■ Data excerpts:
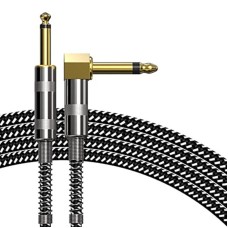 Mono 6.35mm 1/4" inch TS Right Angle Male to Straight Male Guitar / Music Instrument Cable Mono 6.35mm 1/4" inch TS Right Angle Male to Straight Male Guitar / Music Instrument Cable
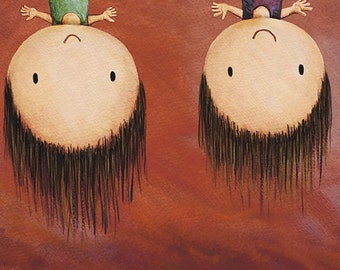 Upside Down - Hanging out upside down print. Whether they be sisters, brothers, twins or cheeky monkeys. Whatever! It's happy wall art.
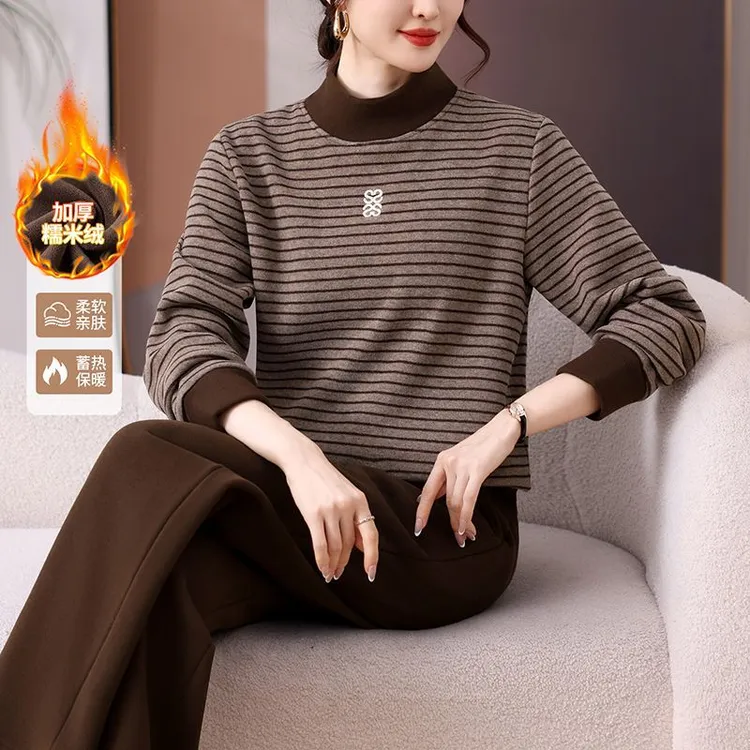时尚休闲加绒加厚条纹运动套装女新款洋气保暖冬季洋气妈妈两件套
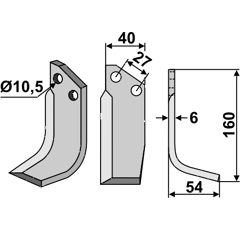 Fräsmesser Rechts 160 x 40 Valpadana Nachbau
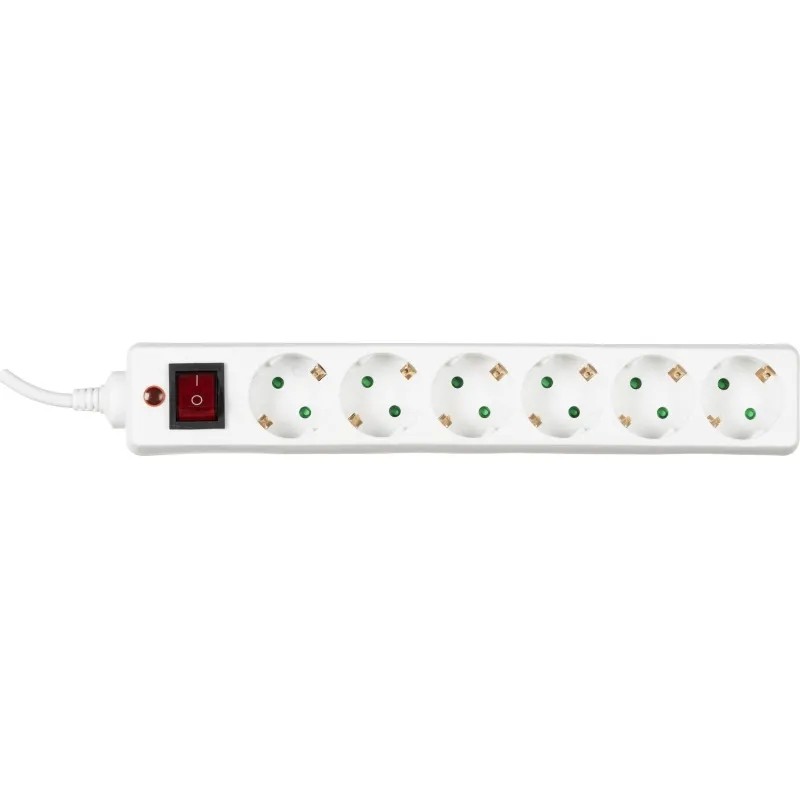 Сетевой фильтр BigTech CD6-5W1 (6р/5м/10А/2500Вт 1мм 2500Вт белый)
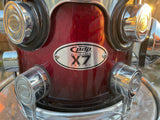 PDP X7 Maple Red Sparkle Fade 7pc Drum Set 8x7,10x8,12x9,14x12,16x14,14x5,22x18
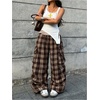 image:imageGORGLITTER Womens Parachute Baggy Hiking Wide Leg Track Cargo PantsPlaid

■ Task item:
Could you write out the records again exactly, omitting each image?

■ Exercise response:
 Mono 6.35mm 1/4" inch TS Right Angle Male to Straight Male Guitar / Music Instrument Cable Mono 6.35mm 1/4" inch TS Right Angle Male to Straight Male Guitar / Music Instrument Cable
 Upside Down - Hanging out upside down print. Whether they be sisters, brothers, twins or cheeky monkeys. Whatever! It's happy wall art.
时尚休闲加绒加厚条纹运动套装女新款洋气保暖冬季洋气妈妈两件套
 Fräsmesser Rechts 160 x 40 Valpadana Nachbau
 Сетевой фильтр BigTech CD6-5W1 (6р/5м/10А/2500Вт 1мм 2500Вт белый)
 PDP X7 Maple Red Sparkle Fade 7pc Drum Set 8x7,10x8,12x9,14x12,16x14,14x5,22x18
 image:imageGORGLITTER Womens Parachute Baggy Hiking Wide Leg Track Cargo PantsPlaid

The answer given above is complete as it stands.